*** GIVEN DATA ***

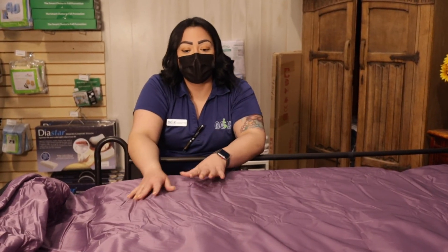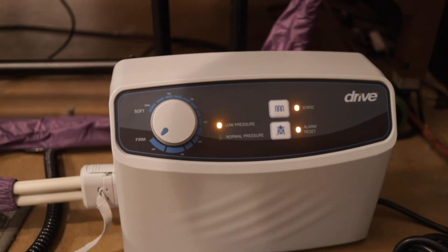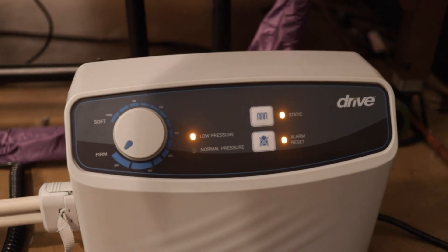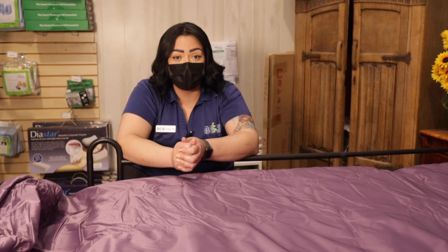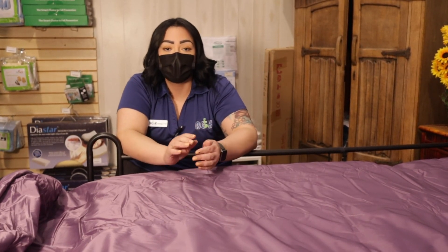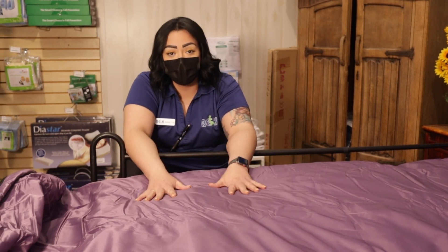This mattress comes with a pump, and the pump has an alarm. When the air mattress is getting to a really low pressure — depending on the person's weight — it's going to give you a little alarm letting you know the air is really low. Make sure you're able to crank it up a little bit more. The pump also allows you to set how much the client weighs to determine how soft or firm you need the mattress to be.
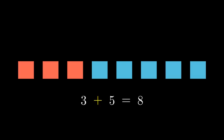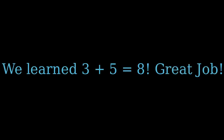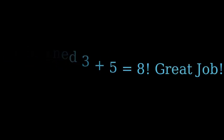We had 3 red squares plus 5 blue squares, and now we have 8 squares in total. That's how addition works. We learned 3 plus 5 is equal to 8. Great job.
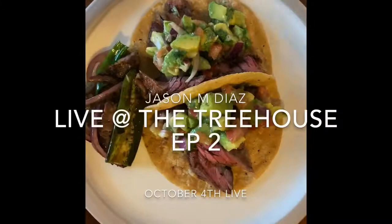Jason M. Diaz — skirt steak tacos. Look at this pico, little side dish here, little jalapeño action on the side. Oh man, these look beautiful.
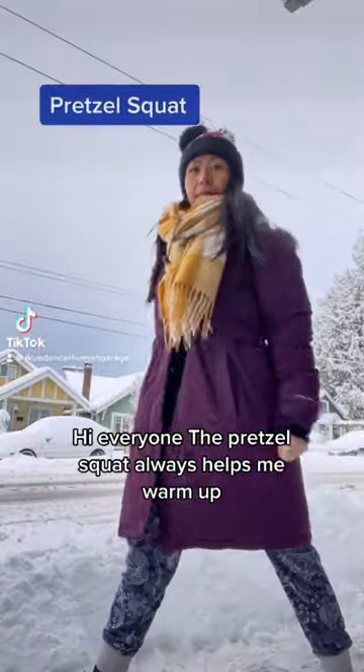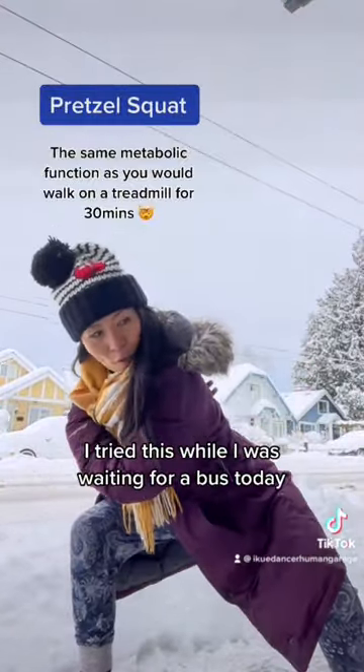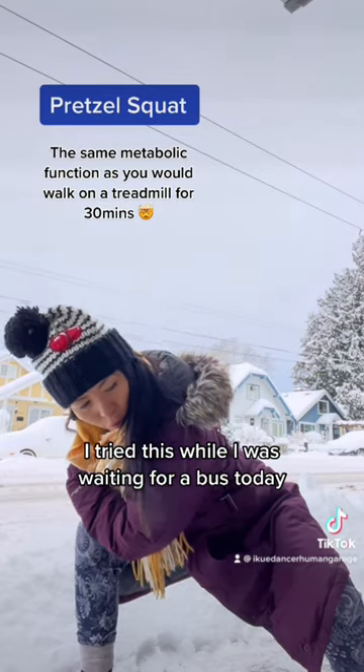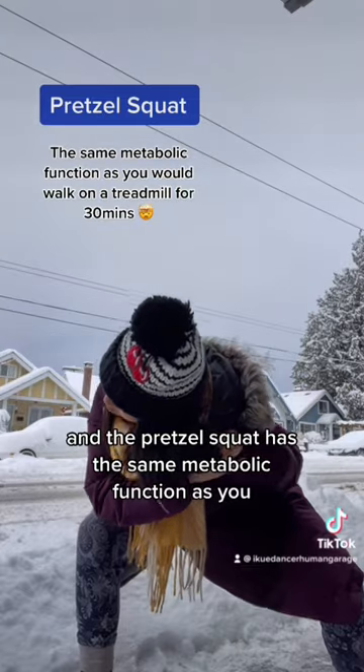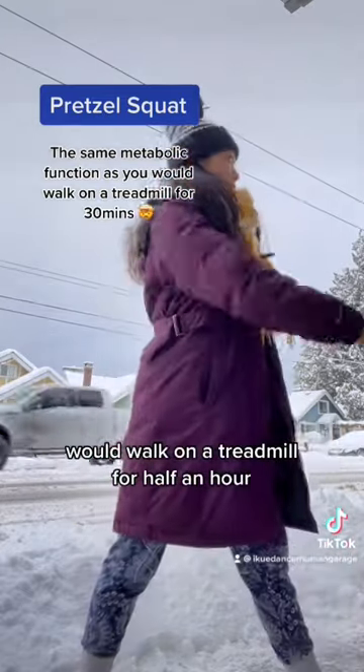Hi everyone! The espresso squat always helps me warm up. I tried this while I was waiting for a bus today, and the espresso squat has the same metabolic function as walking on a treadmill for half an hour.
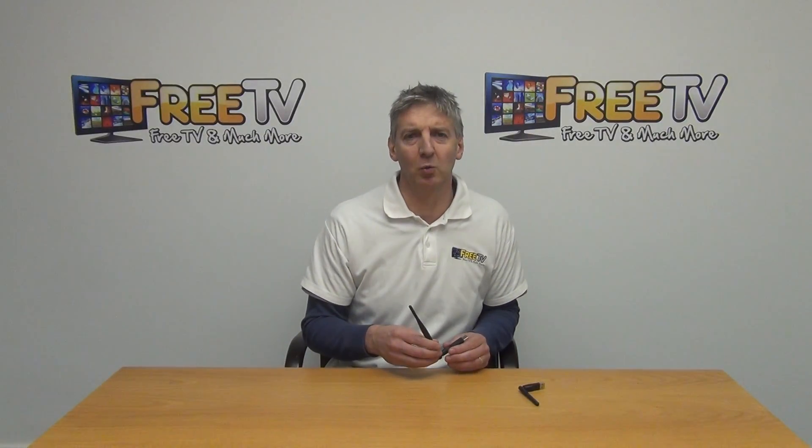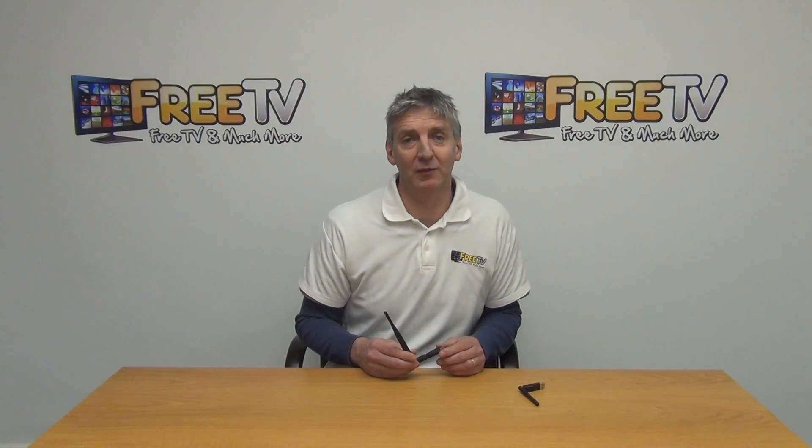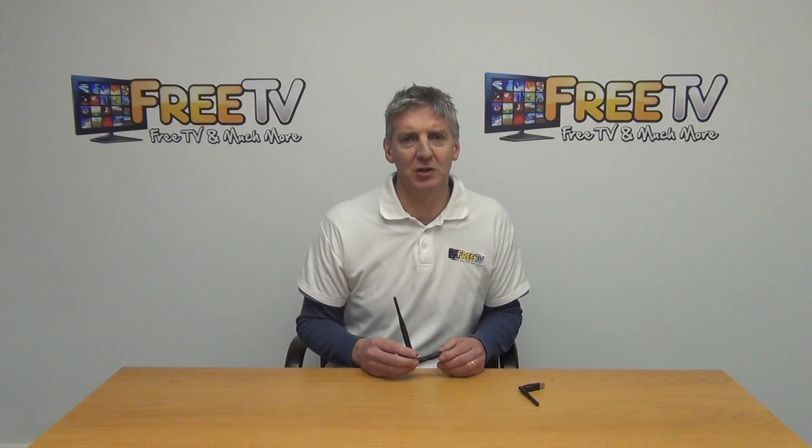It's part of a much wider range of OpenBox and other set-top box Wi-Fi dongles, which can be found on freetv.ie.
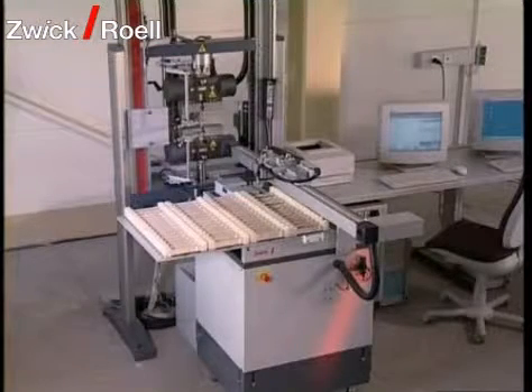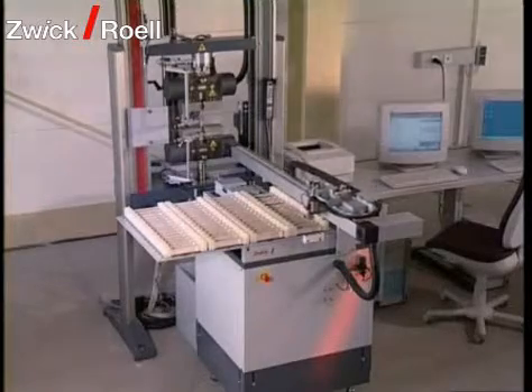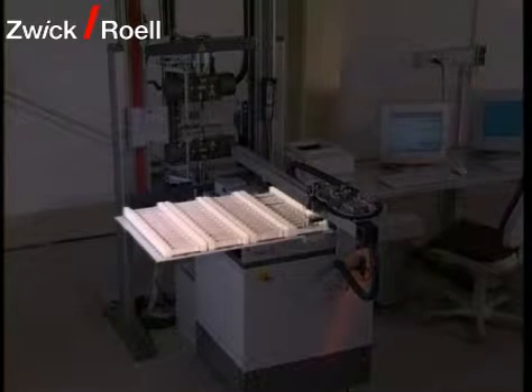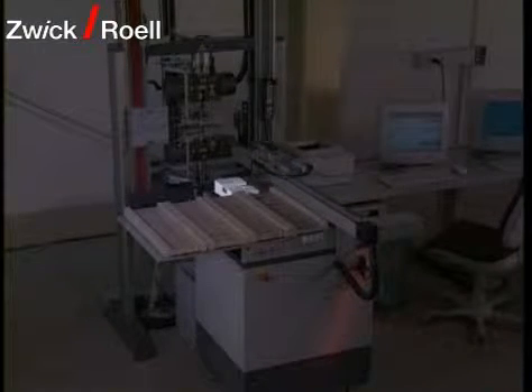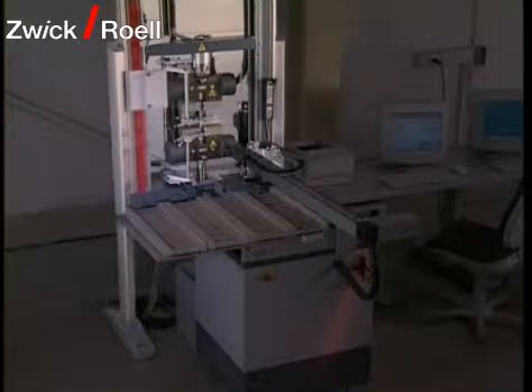A testing system in X-Linear construction consists of the following functional units: the X-Linear feeding system, the magazine table with specimen carriers, the cross-section monitor and the barcode reader, as well as the testing machine and the extensometer.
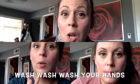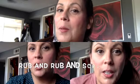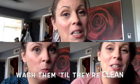Ready, here we go. Wash, wash, wash your hands, wash them till they're clean. Rub and rub and scrub and scrub, just like a washing machine. Wash, wash, wash your hands, wash them till they're clean. Rub and rub and scrub and scrub, just like a washing machine. Rub and scrub and scrub and scrub, just like a washing machine.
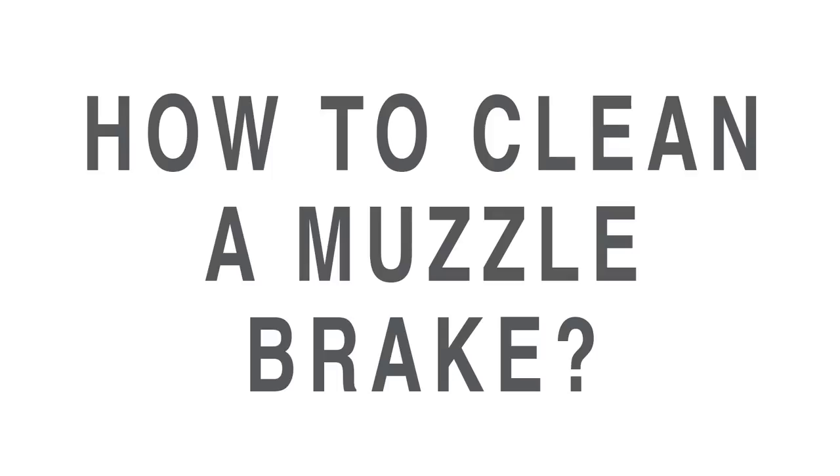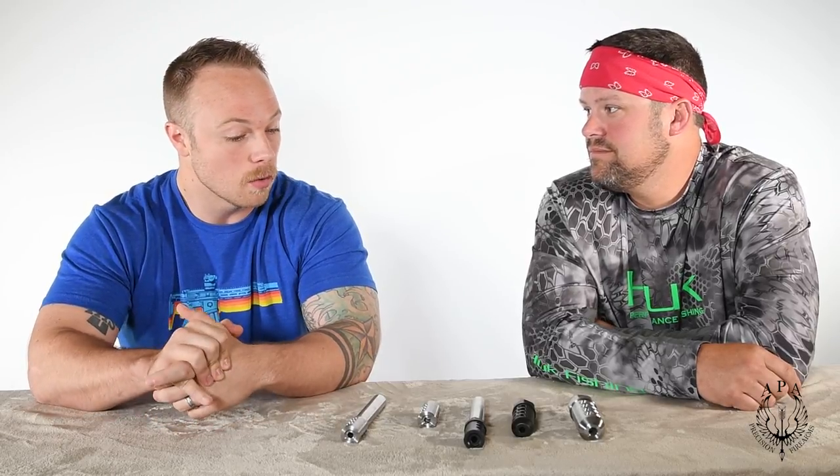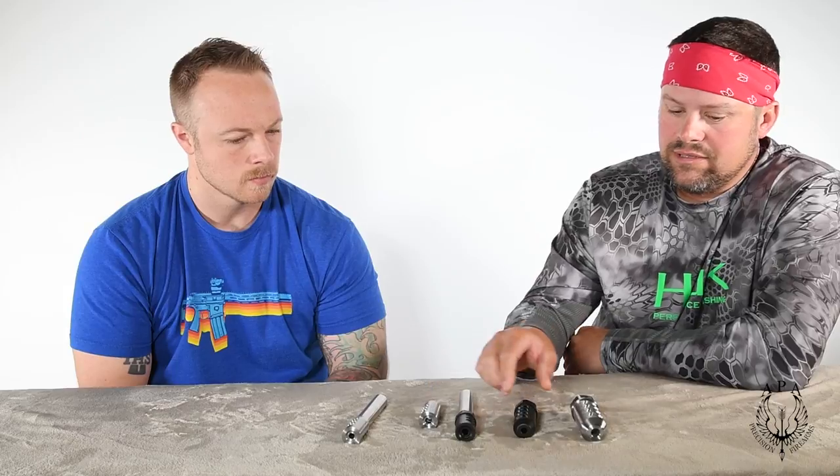A really common question we get is: do these brakes need to be cleaned, and if so, how often? We generally clean ours every 500 to 1,000 rounds. It really just depends on the cartridge you're using and how dirty it is.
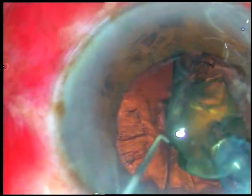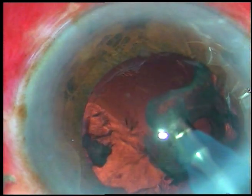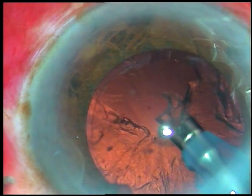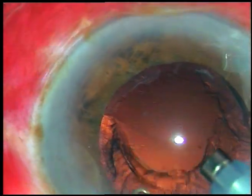This is called mechanical chop, and I learned this from Dr. Shri Ganesh, founder of Nethradhama Super Speciality Eye Hospital at Bangalore, India.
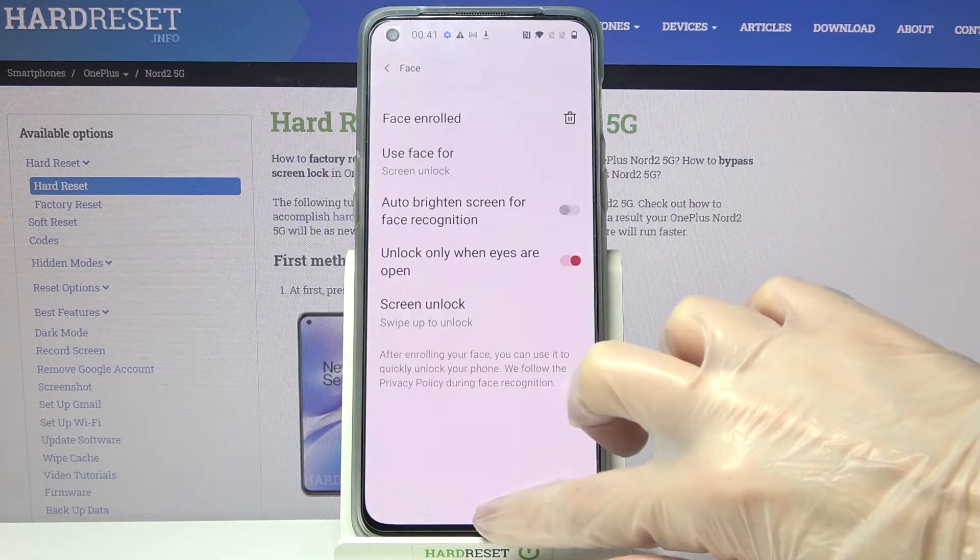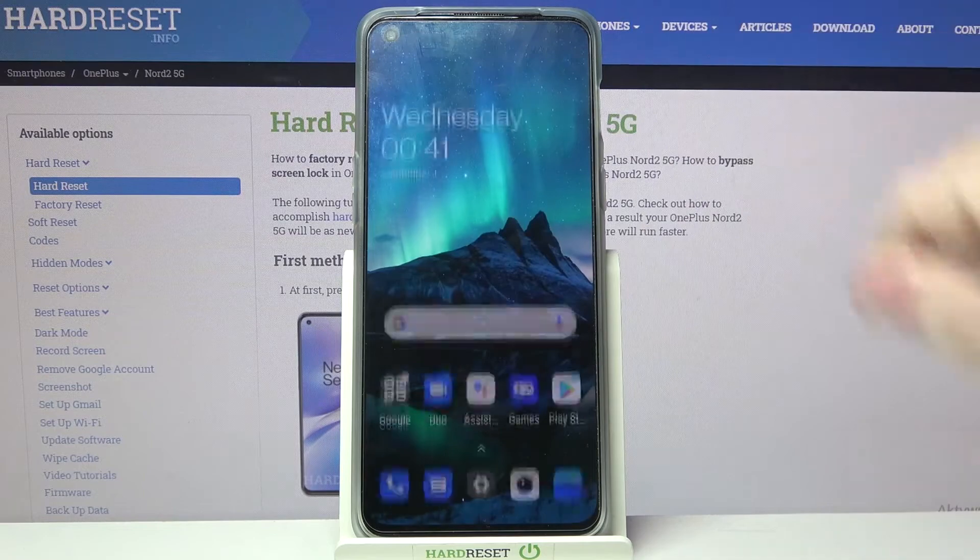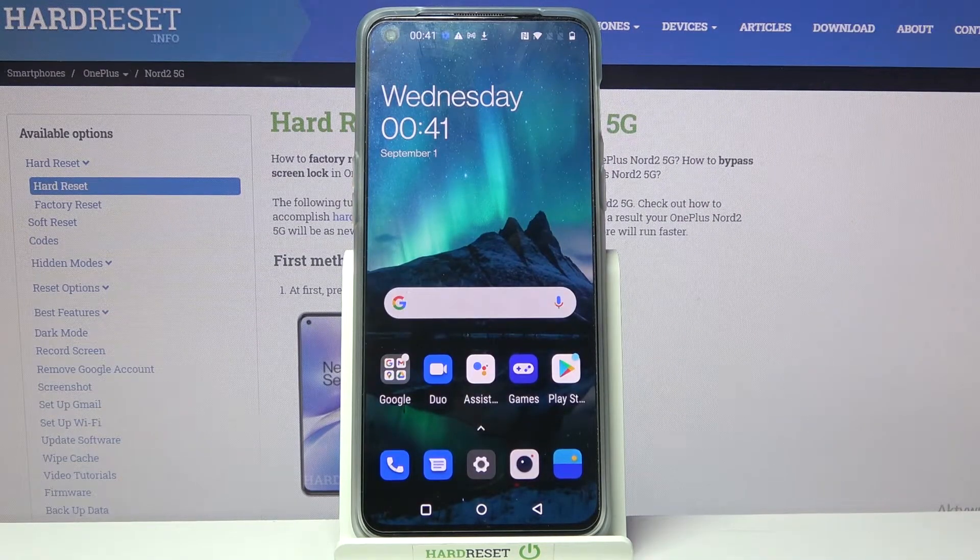Now choose Done, and when I turn off my screen then turn it back on, I can see face unlock is working properly.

***

**TASK STATEMENT:**
Using the data above, which lines fall from the one with "It's part of" through the one with "Ready, here we"? Repeat them exactly, ends included, minus any pictures.

**OUTPUT OF THE TASK:**
It's part of a much wider range of OpenBox and other set-top box Wi-Fi dongles, which can be found on freetv.ie.
A testing system in X-Linear construction consists of the following functional units: the X-Linear feeding system, the magazine table with specimen carriers, the cross-section monitor and the barcode reader, as well as the testing machine and the extensometer.
Ready, here we go. Wash, wash, wash your hands, wash them till they're clean. Rub and rub and scrub and scrub, just like a washing machine. Wash, wash, wash your hands, wash them till they're clean. Rub and rub and scrub and scrub, just like a washing machine. Rub and scrub and scrub and scrub, just like a washing machine.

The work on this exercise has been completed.